Este estudo resulta de uma pesquisa de Mestrado em Educação (SILVA, 2020) e tem por objetivo apresentar como a temática das drogas lícitas e ilícitas vem sendo abordada na literatura do campo da Educação Popular. O texto organiza-se em quatro seções que compreendem, respectivamente, aspectos introdutórios; procedimentos metodológicos; resultados e discussão; considerações finais. Metodologicamente foi necessário realizar uma revisão narrativa da literatura, atualizada para a elaboração deste trabalho. O recorte de pesquisa compreendeu os últimos nove anos (2014-2022). Para a coleta dos dados foi utilizado o Portal de Periódicos da CAPES. Alguns dos resultados são, por exemplo: 1) o fenômeno das drogas é compreendido a partir de uma perspectiva crítica, pois se busca problematizar as contradições que fazem parte do modo como essa temática vem sendo abordada na sociedade, e a própria política sobre drogas vai sendo questionada e criticada, além das abordagens de prevenção que são orientadas por ela; 2) a escolha pela Educação Popular como orientadora das ações de educação sobre drogas tem a ver com o entendimento de que essa concepção educativa representa uma alternativa contrária às abordagens hegemônicas, essencialmente repressoras; 3) as ações que objetivam discutir a questão das drogas de maneira educativa utilizam diferentes ferramentas didáticas e metodológicas, com todas tendo em comum a opção pela Educação Popular como concepção teórica orientadora de suas abordagens. Dentre as conclusões, afirma se que ao buscar o referencial da Educação Popular objetiva-se educar sobre as drogas, mas também sobre a realidade por meio da reflexão e da problematização dos fatores sócio-históricos, econômicos e políticos.

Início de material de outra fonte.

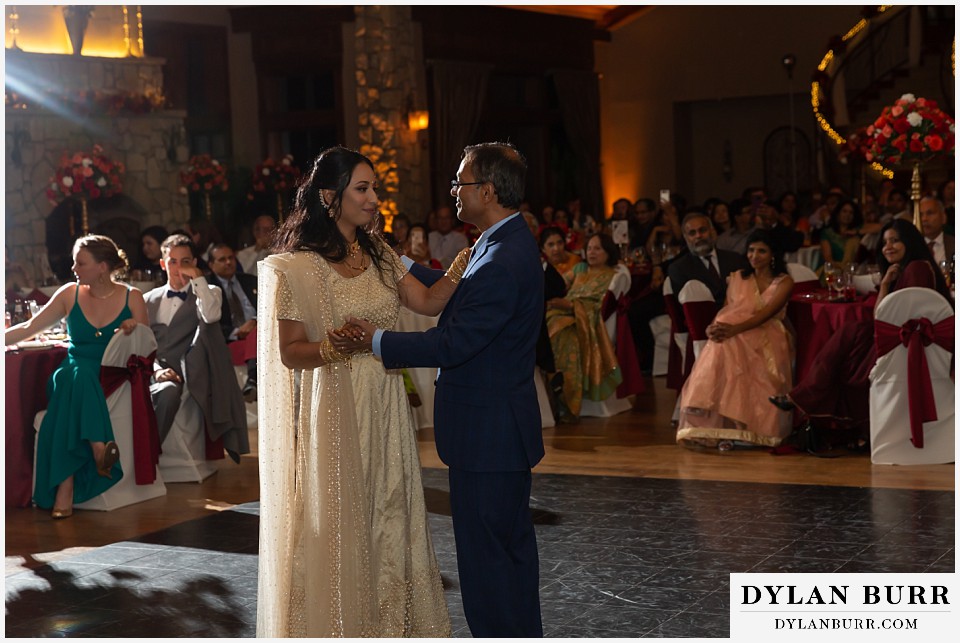 cielo at castle pines wedding colorado mountain wedding hindu bride and father dance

Palavras-chave Educação Popular; Educação sobre Drogas; Drogas

Abstract

This study is the result of a master’s research in education (SILVA, 2020). It aims to present how the issue of licit and illicit drugs has been addressed in the literature in the field of Popular Education. The text is organized into four sections that comprise, respectively, the introductory aspects; methodological procedures; Results and discussion; final considerations. Methodologically, it was necessary to carry out a narrative review of the literature, updated for the elaboration of this work. The research cut comprised the last nine years (2014-2022), for data collection the CAPES Periodicals Portal was used. Some of the results are, for example: 1) the phenomenon of drugs is understood from a critical perspective, as it seeks to problematize the contradictions that are part of the way this theme has been approached in society. The drug policy itself is being questioned and criticized, in addition to the prevention approaches that are guided by it; 2) the choice of Popular Education as a guide for drug education actions has to do with the understanding that this educational concept represents an alternative contrary to hegemonic, essentially repressive approaches; 3) Actions that aim to discuss the issue of drugs in an educational way use different didactic and methodological tools. What they all have in common is the option for Popular Education as the guiding theoretical conception of their approaches. Among the conclusions, it is stated that when seeking the reference of Popular Education, the objective is to educate about drugs, but also about reality through reflection and problematization of socio-historical, economic and political factors.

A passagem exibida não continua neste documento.